Which leads me to the other big omission in this report – honouring the treaties in a real way. Ontario is proposing initiatives to increase awareness in Ontario about the existence of the treaties and our rights as treaty peoples, for example:

  • Acknowledging treaties within ministers’ statements, the Public Service Oath of Office and government-issued documents;
  • Continuing mandatory cultural competency training for the public service on issues including treaties;
  • Continuing to work on enhancing the curriculum in K-12 to include learning about the rights and responsibilities we have to each other as treaty people;  and
  • Naming the first week of November treaty awareness week.

Increasing awareness of the treaties is important. All Ontarians have a role to play in respecting and honouring the treaties as we are all treaty partners. But it is not enough. There is a commitment to continue working with Chiefs of Ontario on Ontario’s Treaty Strategy. But we need a courageous commitment from the federal and provincial governments to renew the historic treaties and to open up genuine negotiations between the treaty partners to renew our mutual commitments and achieve true reconciliation.

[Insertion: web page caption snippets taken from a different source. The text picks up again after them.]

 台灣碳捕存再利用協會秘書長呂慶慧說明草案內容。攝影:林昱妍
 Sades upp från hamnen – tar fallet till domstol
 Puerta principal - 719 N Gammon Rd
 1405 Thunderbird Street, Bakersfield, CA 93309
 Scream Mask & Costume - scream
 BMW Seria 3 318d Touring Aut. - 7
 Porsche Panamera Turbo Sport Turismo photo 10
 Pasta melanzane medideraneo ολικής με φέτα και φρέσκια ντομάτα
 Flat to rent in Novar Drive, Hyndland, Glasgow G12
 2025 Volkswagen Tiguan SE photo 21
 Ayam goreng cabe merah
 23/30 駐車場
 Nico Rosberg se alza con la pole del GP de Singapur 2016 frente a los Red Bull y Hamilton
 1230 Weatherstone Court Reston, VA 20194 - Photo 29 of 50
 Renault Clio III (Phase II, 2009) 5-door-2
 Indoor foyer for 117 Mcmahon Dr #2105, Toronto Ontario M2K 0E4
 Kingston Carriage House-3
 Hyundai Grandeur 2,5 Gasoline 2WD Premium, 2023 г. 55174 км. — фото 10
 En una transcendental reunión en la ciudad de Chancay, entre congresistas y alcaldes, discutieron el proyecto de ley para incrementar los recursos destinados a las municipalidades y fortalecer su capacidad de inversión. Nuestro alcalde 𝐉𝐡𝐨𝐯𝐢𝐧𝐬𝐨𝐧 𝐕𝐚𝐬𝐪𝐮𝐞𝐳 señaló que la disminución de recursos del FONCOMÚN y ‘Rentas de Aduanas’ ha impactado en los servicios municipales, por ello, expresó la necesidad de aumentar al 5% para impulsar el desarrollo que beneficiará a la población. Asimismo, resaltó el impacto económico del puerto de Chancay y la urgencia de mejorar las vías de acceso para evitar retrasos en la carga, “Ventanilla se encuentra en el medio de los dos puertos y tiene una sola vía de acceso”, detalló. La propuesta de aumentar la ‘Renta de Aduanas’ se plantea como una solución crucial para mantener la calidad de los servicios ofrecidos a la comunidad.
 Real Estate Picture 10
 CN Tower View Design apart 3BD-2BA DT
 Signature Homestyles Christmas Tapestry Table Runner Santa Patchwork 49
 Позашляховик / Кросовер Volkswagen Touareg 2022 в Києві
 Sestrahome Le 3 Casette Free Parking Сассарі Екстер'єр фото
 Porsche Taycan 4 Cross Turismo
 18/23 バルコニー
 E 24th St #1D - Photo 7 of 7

My colleagues Nancy Kleer and Gillian Paul recently prepared an excellent paper on what it means to honour the treaties.

I also question who is teaching the awareness about the treaties. Indigenous peoples have fundamentally different understandings about the meanings of the treaties than the understandings expressed by the Crowns to date. Increasing awareness of only one perspective on what the treaties mean will not achieve reconciliation.

Overall Ontario has made some good commitments and by issuing this report signalled a commitment to take action to achieve reconciliation. But will funding programs and increasing awareness be enough? What happens if Premier Wynne does not win the next provincial election? Reconciliation cannot just depend on the whims of government. Fundamental changes are required.